*** SOURCE MATERIAL ***

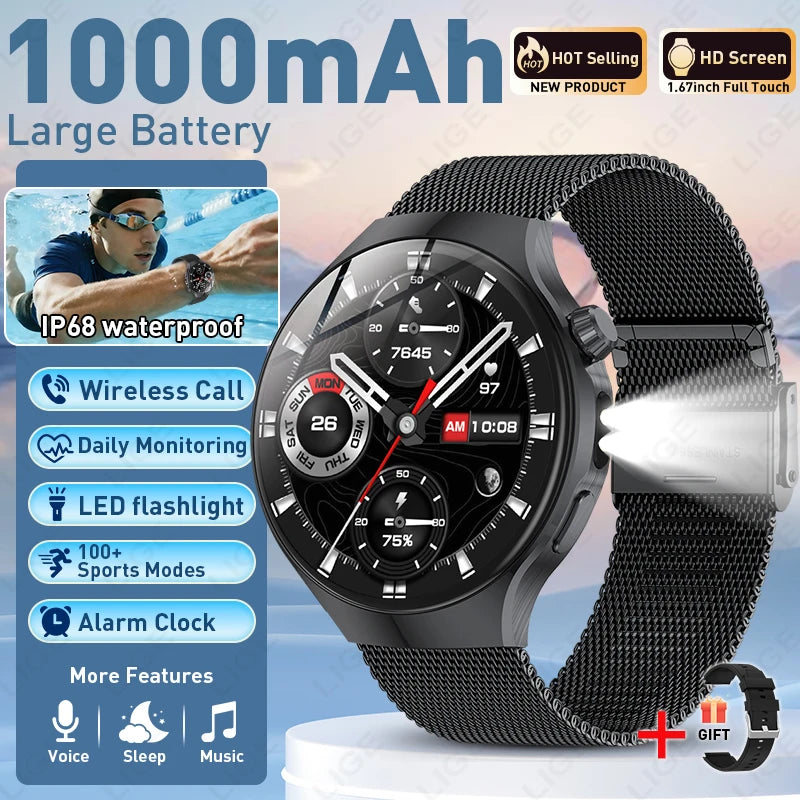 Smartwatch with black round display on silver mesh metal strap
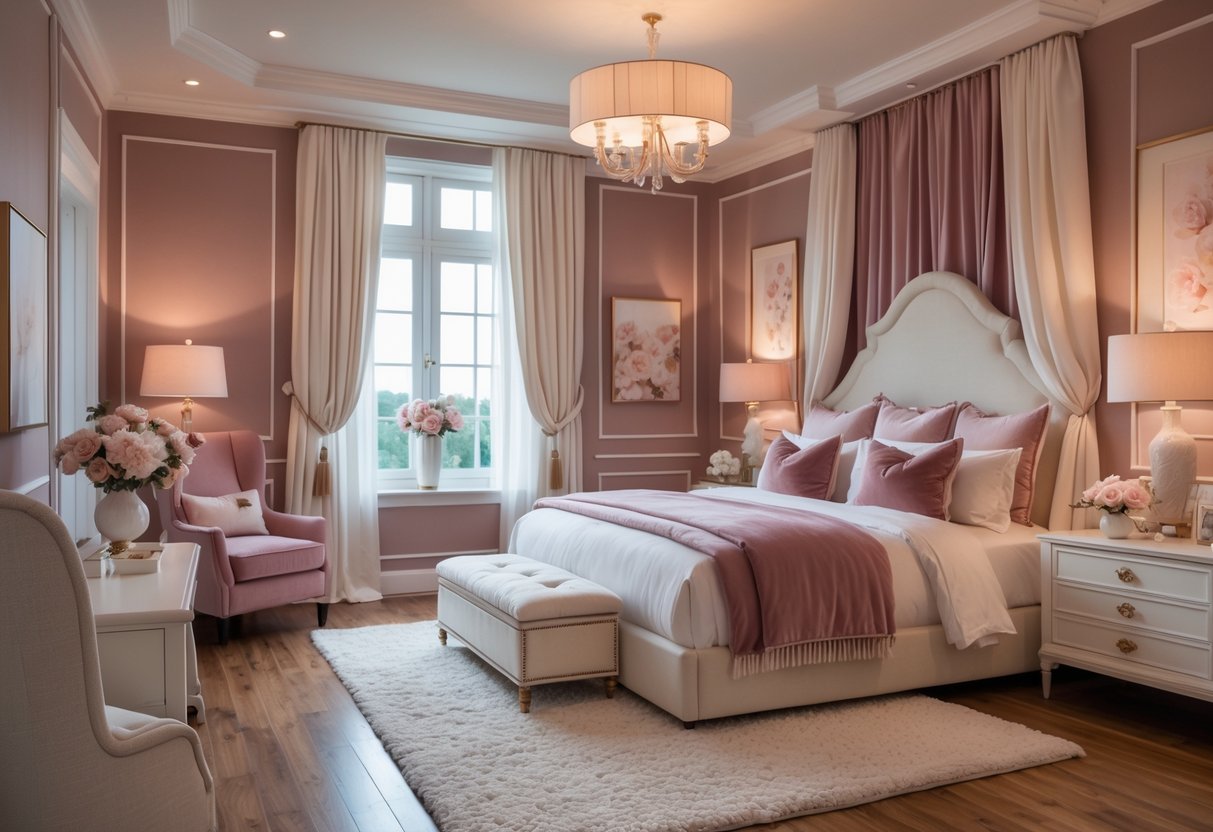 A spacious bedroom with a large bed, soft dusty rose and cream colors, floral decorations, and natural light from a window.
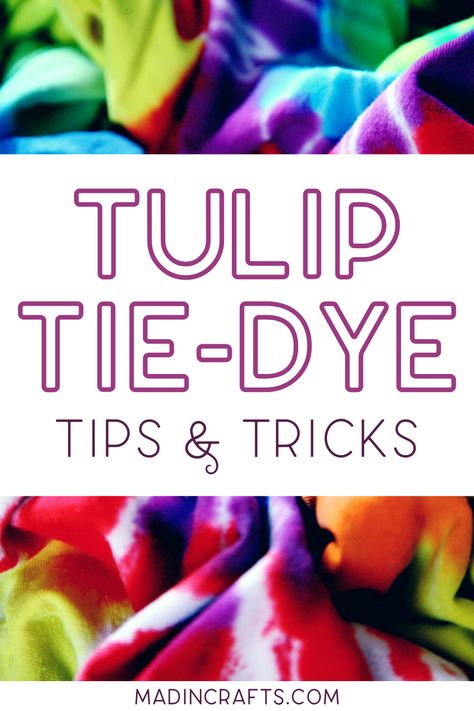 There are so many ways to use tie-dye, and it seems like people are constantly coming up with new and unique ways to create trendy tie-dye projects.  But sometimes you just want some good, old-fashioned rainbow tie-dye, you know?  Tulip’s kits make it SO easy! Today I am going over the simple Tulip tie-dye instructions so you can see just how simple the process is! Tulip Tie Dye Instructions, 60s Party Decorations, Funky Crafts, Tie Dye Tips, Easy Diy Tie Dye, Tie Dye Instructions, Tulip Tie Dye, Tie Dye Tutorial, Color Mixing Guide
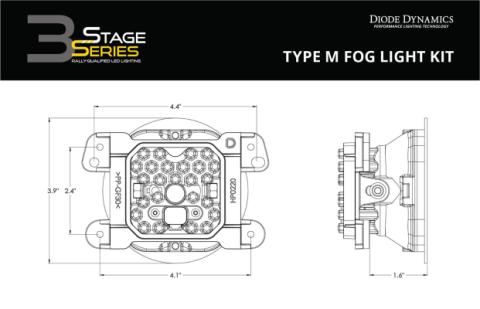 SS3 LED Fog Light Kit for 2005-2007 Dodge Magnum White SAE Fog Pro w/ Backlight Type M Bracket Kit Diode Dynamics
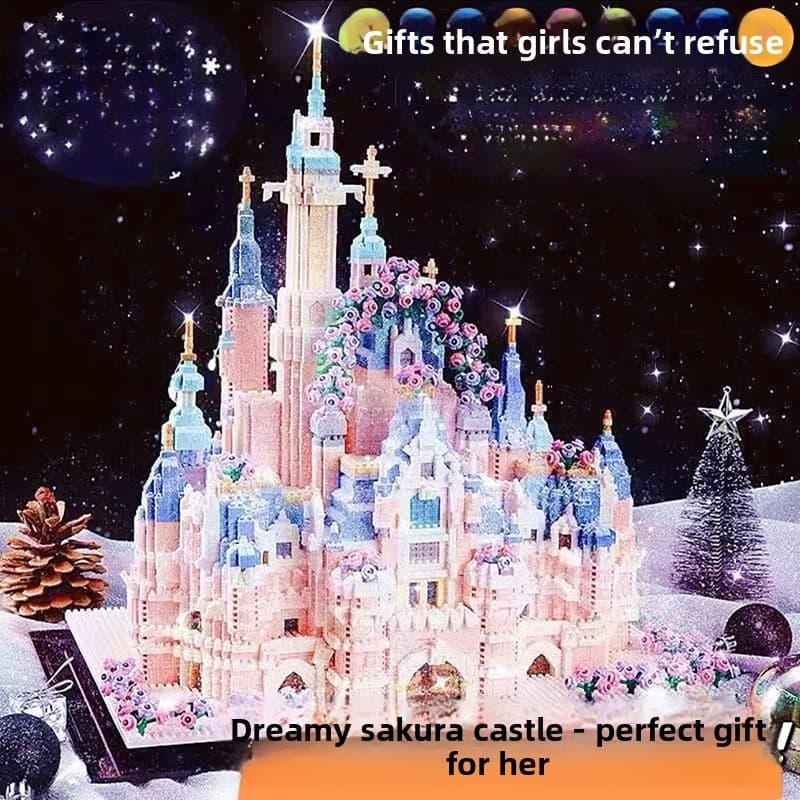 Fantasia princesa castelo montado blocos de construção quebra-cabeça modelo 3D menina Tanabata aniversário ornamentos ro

***
*** SOURCE MATERIAL ***

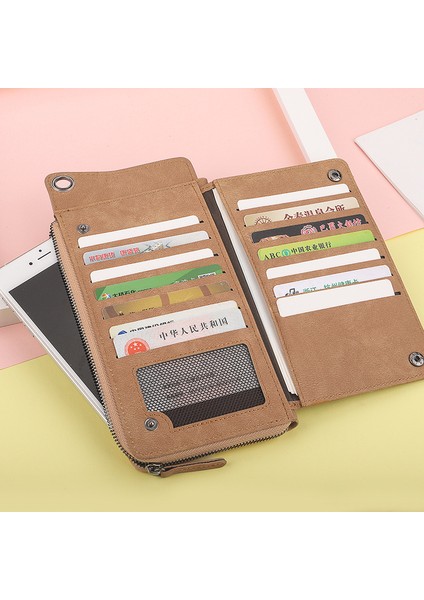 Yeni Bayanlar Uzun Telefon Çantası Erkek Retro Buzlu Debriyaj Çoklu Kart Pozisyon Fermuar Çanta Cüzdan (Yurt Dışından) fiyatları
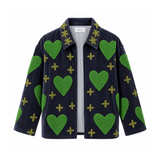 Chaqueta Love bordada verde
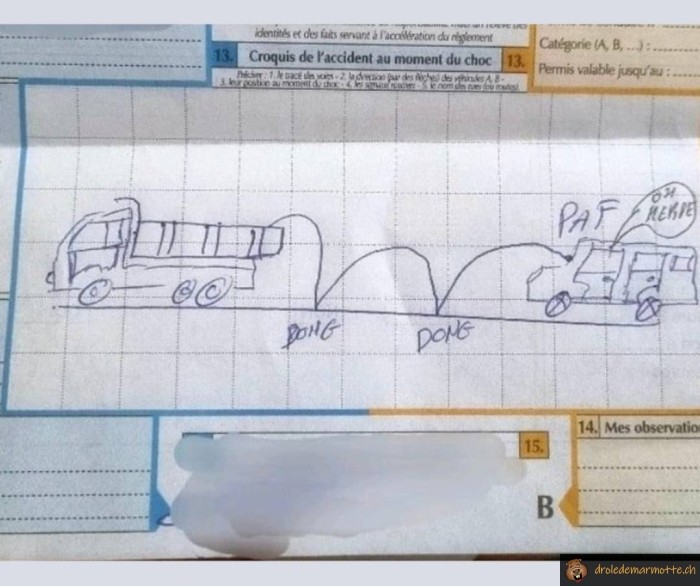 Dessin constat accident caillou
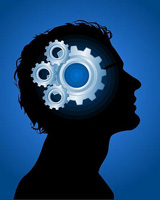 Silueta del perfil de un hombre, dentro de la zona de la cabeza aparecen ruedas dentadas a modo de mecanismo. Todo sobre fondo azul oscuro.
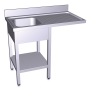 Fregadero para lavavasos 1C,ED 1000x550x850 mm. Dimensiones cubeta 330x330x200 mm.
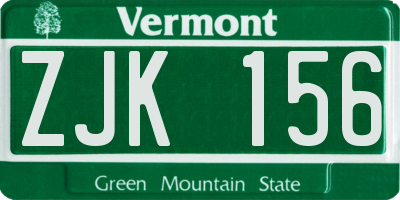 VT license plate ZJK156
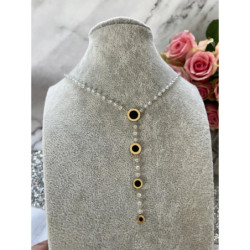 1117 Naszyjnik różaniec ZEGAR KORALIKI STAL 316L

***
*** SOURCE MATERIAL ***

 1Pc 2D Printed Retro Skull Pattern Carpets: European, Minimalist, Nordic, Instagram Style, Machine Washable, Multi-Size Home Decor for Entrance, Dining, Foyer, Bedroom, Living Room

***

- **REQUIRED ACTION**
Leaving each picture behind, please give again exactly the lines above from the one with "Silueta del perfil" through the one with "1117 Naszyjnik różaniec", both included, and no others.

- **RESULT OF THE EXERCISE**
 Silueta del perfil de un hombre, dentro de la zona de la cabeza aparecen ruedas dentadas a modo de mecanismo. Todo sobre fondo azul oscuro.
 Fregadero para lavavasos 1C,ED 1000x550x850 mm. Dimensiones cubeta 330x330x200 mm.
 VT license plate ZJK156
 1117 Naszyjnik różaniec ZEGAR KORALIKI STAL 316L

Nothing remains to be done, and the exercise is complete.